Depuis que j’ai vu le documentaire «The True Cost», je ne vois plus l’industrie de la mode de la même manière. J’ai de la difficulté à fréquenter les centres d’achats remplis de grandes chaînes de magasins comme H&M et Zara. J’avais envie de vous parler de cette industrie afin de vous montrer l’envers du décor.

Il est important de noter qu’un des grands problèmes de l’industrie de la mode est la surconsommation dû au changement constant des tendances. En tant que société, nous consommons 400% plus de vêtements aujourd’hui qu’il y a 20 ans (Forbes), ce qui correspond à environ 80 milliards de vêtements vendus chaque année.  (Fashion Revolution) Ce phénomène est appelé « fast fashion », ce qui signifie que les tendances des défilés se retrouvent très rapidement en magasin, souvent à faible coût et de qualité déplorable et incite les gens à toujours acheter de nouveaux vêtements.

© Leslie Richard

Cependant, l’individu moyen n’a pas du tout besoin d’autant de vêtements. Selon Clare Press, auteure du livre «Wardrobe Crisis», un individu porte en moyenne un vêtement 7 fois avant de s’en débarrasser. La femme moyenne porte seulement 40% des vêtements qu’elle possède dans sa garde-robe (ABC). Qu’arrive-t-il donc à ces vêtements? Selon l’état de ceux-ci, ils sont soit jetés ou donnés. Donner nos vêtements à un magasin de charité semble une bonne idée en théorie, pourtant, seulement 10% des vêtements donnés sont vendus. Le reste se retrouve dans les sites d’enfouissement, sont incinérés ou vendus dans des pays déjà inondés de nos déchets. (Fashion Revolution)

Un autre des grands problèmes de cette industrie est la condition humaine. Quand on achète un chandail à 12$, c’est qu’il y a quelqu’un à l’autre bout du monde qui a été payé 5 sous pour ce travail. En effet, comme bien expliqué dans le documentaire «The True Cost», les citoyens des pays comme le Bangladesh, l’Inde ou le Cambodge n’ont souvent pas le choix de travailler dans cette industrie et sont soumis à des conditions déplorables. Vous vous rappellerez peut-être de l’événement tragique du 24 avril 2013, où 1 138 personnes sont mortes et plus de 2 500 ont été blessés par l’effondrement du bâtiment Rana Plaza au Bangladesh. (Fashion Revolution) Des accidents arrivent souvent dans ces types de bâtiments, car ils ne sont pas sécuritaires pour les travailleurs.

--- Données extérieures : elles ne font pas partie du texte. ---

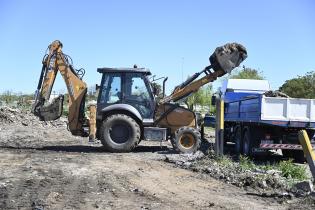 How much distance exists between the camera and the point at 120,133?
16.8m

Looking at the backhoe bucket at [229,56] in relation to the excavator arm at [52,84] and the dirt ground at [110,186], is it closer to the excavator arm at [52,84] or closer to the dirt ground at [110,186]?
the dirt ground at [110,186]

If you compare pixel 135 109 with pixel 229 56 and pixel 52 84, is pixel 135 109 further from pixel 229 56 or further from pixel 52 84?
pixel 229 56

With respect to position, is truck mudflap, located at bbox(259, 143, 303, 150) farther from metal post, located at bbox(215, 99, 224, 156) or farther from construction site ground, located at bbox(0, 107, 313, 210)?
construction site ground, located at bbox(0, 107, 313, 210)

Finalement, les matériaux et outils utilisés pour la fabrication sont souvent peu sécuritaires et très polluants pour la planète, notamment la teinture, la production du coton génétiquement modifié ainsi que l’industrie du cuir. Cela explique donc pourquoi l’industrie de la mode est la 2e plus polluante au monde, juste après l’industrie pétrolière. (The True Cost)

Il est donc possible d’affirmer que cette industrie comporte un lot de problèmes majeurs. Pourtant, on en entend rarement parler, et on continue de promouvoir la surconsommation de vêtements. La tendance des «hauls » sur Youtube, où des influenceurs présentent leurs garde-robes de 300 vêtements, souvent offerts par les compagnies, est toujours présente et populaire. Cela étant dit, il est définitivement possible de ne pas contribuer à ce phénomène et vous découvrirez une foule d’idées dans le prochain article de cette série!

Petit défi de la semaine : la prochaine fois que vous voyez un vêtement de très bonne qualité, fait de manière éthique, localement, à 60$, ne dites pas que c’est trop cher!